The impossibility of elegy is that it first brings presence to absence by introducing a significant utterance on the back of a radical loss. This undermines the predominant position of absence, and thus of elegy, which primarily gains its semantic power through the favouring of absence. However it also introduces into the monumental form of the presence of absence, a second radical absence which one might term the absence of absence. And once absence is removed from elegy, it ceases to be elegiac and so generically, at least, it dies. Ash is right in noting both the public usefulness of the art monument, and the manner in which the monument puts death to death within the elegiac, but he also opposes the unified monument to loss with the ruins of the lost, in a manner very close to Benjamin’s conception of redemptive history.

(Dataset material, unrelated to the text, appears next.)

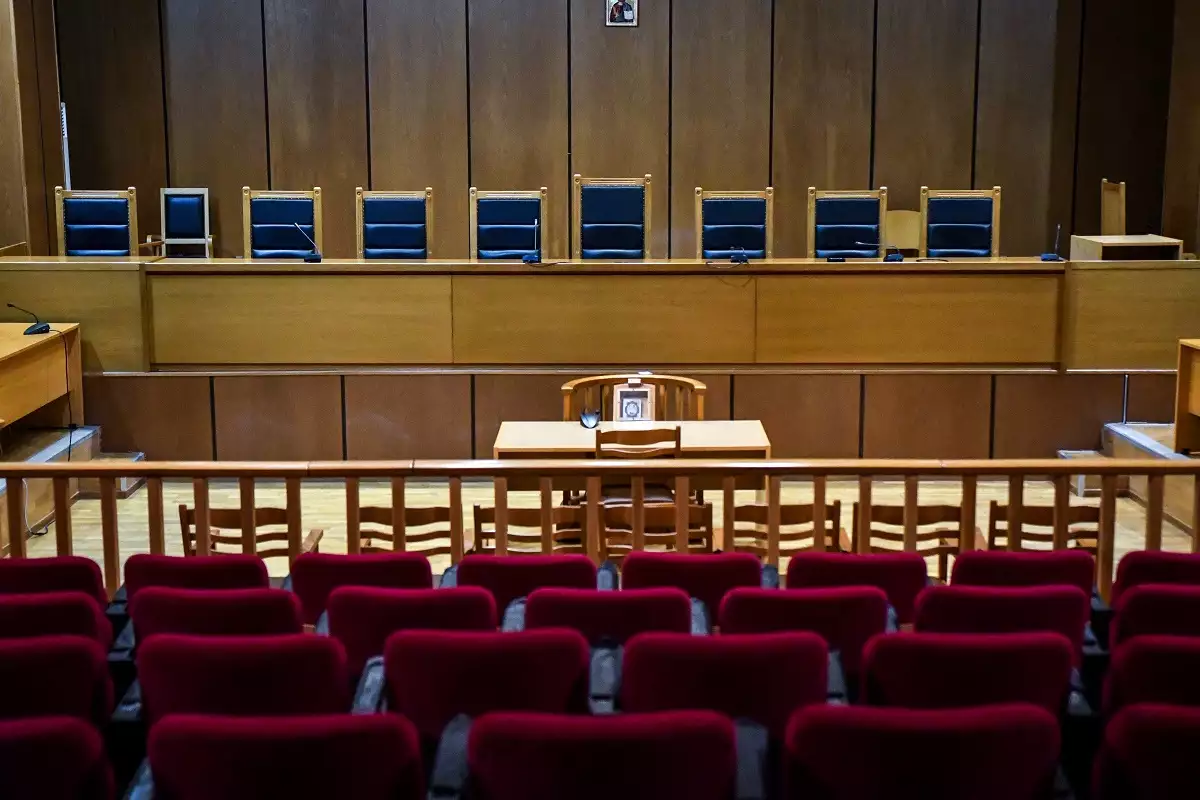 Στη φυλακή πολύ γνωστός δικηγόρος – Καταδικάστηκε για τον βιασμό δύο ανήλικων αδερφών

In the now famous “Theses on the Philosophy of History,” Benjamin conceives of a melancholic rather than elegiac history, that is one that does not try to close down the aporetic processes of the presence of absence in our lives:

A chronicler who recites events without distinguishing between major and minor ones acts in accordance with the following truth: nothing that has ever happened should be regarded as lost for history. To be sure, only a redeemed mankind receives the fullness of its past—which is to say, only for a redeemed mankind has its past become citable in all its moments. (Benjamin 246)

This is the role of the materialist and melancholic historian, to seize all moments of time, to redeem all time, to cite everything. Ash, in this way is a tentative redemptive historian. In numerous poems his tells melancholic narratives of fragments of lost civilisations, as in “The Hotel Brown Poems”:

As we walked towards the temple
the poet said to us: ‘This may seem
a small island to you but once it was
an independent state with its own fierce navy.

The Athenians destroyed it utterly’
The old ramparts were massive, finely jointed
but the area of jumbled stones and bushes they enclosed
seemed no bigger that a modest public park. (Ash 123)

Here history is redeemed by the memory of the poet, but again into a kind of monument with the ruins being compared to a public park, which is one of the dangers of redemption that is not involved in the dialectic of the past and the present. Benjamin warns that: “The true picture of the past flits by. The past can be seized only as an image which flashes up at the instant when it can be recognized and it never seen again...To articulate the past historically...means to seize hold of a memory as it flashes up at a moment of danger” (Benjamin 246).


The moment of danger for the event of history is not merely that of a possible forgetting but of being remembered too well. A lost memory ruins memory, but a memory seized upon in a universalist and reifying manner transforms the ruin into a folly, an over-preserved sign of a falsely homogenous past as in Ash’s poem. To redeem the past is to cite everything, to remember every flash, every moment, and because this process resides in the “now” of the apprehension of the event of the “then” in the “now,” the process has no point of cessation, Benjamin argues, until the return of the messiah at the end of time.